Blog

Archive for the ‘.NET’ Category

Clearing a vector

Wednesday, November 9th, 2011

A customer recently asked us for the best method to zero out a vector. We decided to run some tests to find out. Here are the five methods we tried, with any drawbacks and the timings.

These were performed on a DoubleVector, v,  of length 10,000,000.

1) Create a new vector. This isn’t really clearing out an existing vector but we thought we should include it for completeness.

 DoubleVector v2 = new DoubleVector( v.Length, 0.0 );

The big drawback here is that you’re creating new memory. Time: 419.5ms

2) Probably the first thing to come to mind is to simply iterate through the vector and set everything to zero.

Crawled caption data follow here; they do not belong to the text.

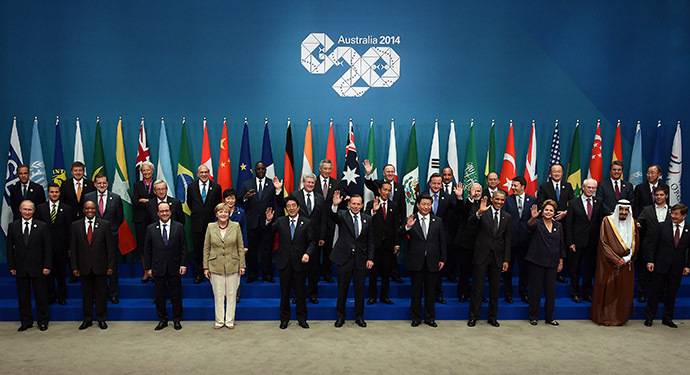 Heads of states and international organizations pose for the "family photo" during the G20 Summit in Brisbane on November 15, 2014. (AFP Photo/Saeed Khan)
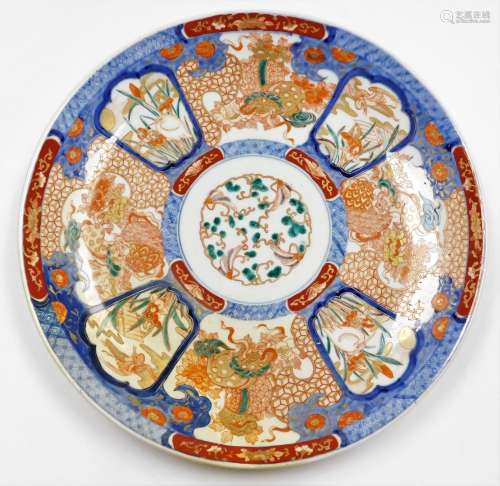A Japanese porcelain Imari charger, decorated with shishi an...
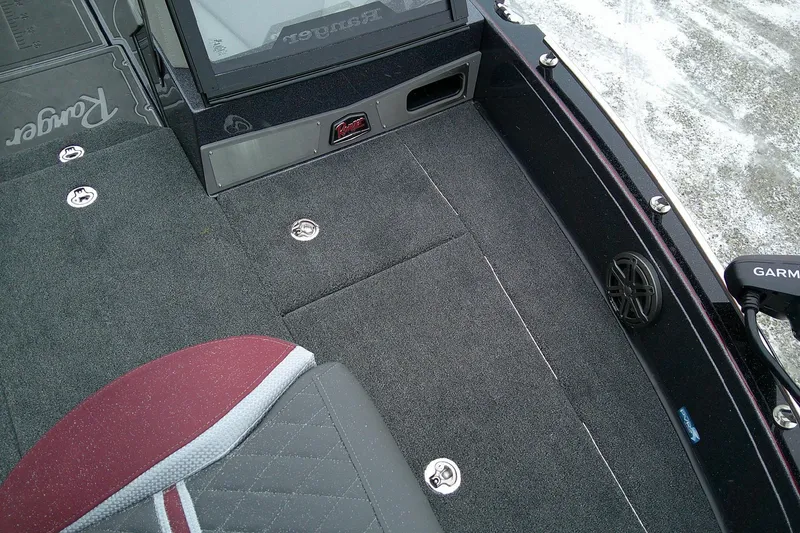 Slide: The Image of 2026 Ranger 620xFS Pro boat interior with carpeted deck and seating. - 14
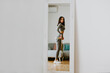 © shevtsovy - Fitness Woman Measuring body With Tape Standing In Front Of Mirror At Home. Beautiful woman checking success of weight loss program and measuring butt in front of mirror in living room. Slimming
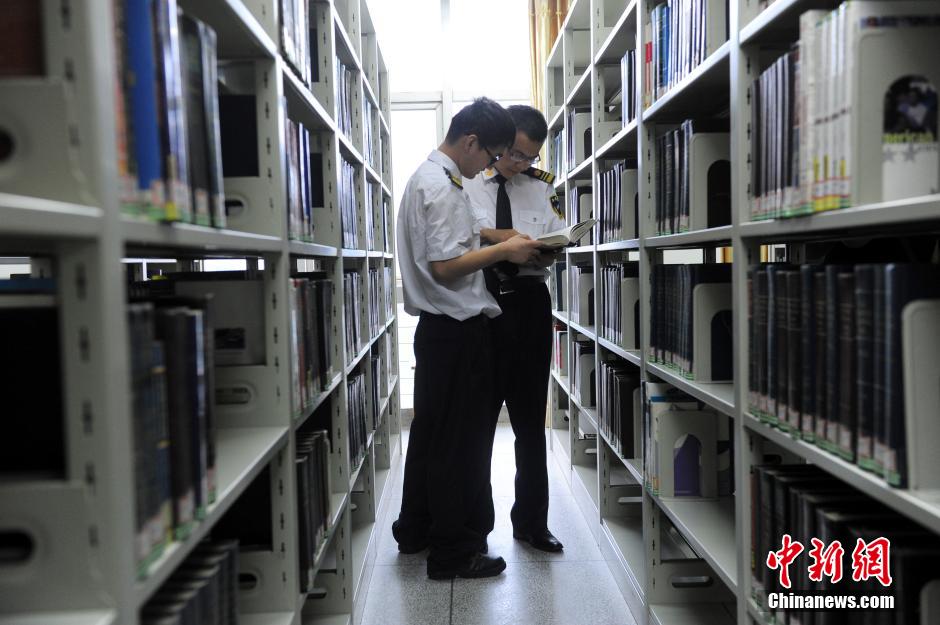 5月8日，武漢輕工大學(xué)保安吳濤與江力在圖書館交流學(xué)習(xí)。中新社發(fā) 張暢 攝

for ( int i = 0; i < v.Length; i++ )
{
  v[i] = 0.0;
}

We have to do some checking in the index operator. No new memory created. Time: 578.5ms

3) In some cases, you could iterate through the underlying array of data inside the DoubleVector.

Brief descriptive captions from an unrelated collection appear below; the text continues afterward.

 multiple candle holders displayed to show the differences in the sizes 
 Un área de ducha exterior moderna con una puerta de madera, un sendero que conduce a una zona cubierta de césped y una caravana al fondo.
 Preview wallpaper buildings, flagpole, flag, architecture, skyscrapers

for ( int i = 0; i < v.DataBlock.Data.Length; i++ )
{
  v.DataBlock.Data[i] = 0.0;
}

This is a little less intuitive. And, very importantly, it will not work with many views into other data structures. For example, a row slice of a matrix. However, it’s easier for the CLR to optimize this loop. Time: 173.5ms

4) We can use the power of Intel’s MKL to multiply the vector by zero.

 v.Scale( 0.0 );

Scale() does this in-place. No new memory is created. In this example, we assume that MKL has already been loaded and is ready to go which is true if another MKL-based NMath call was already made or if NMath was initialized. This method will work on all views of other data structures. Time: 170ms

5) This surprised us a bit but the best method we could find was to clear out the underlying array using Array.Clear() in .NET

 Array.Clear( v.DataBlock.Data, 0, v.DataBlock.Data.Length );

This creates no new memory. However, this will not work with non-contiguous views. However, this method is very fast. Time: 85.8ms

To make this much simpler, we have created a Clear() method and a Clear( Slice) method on vectors and matrices. It will do the right thing in the right circumstance. It will be released in NMath 5.2 in 2012.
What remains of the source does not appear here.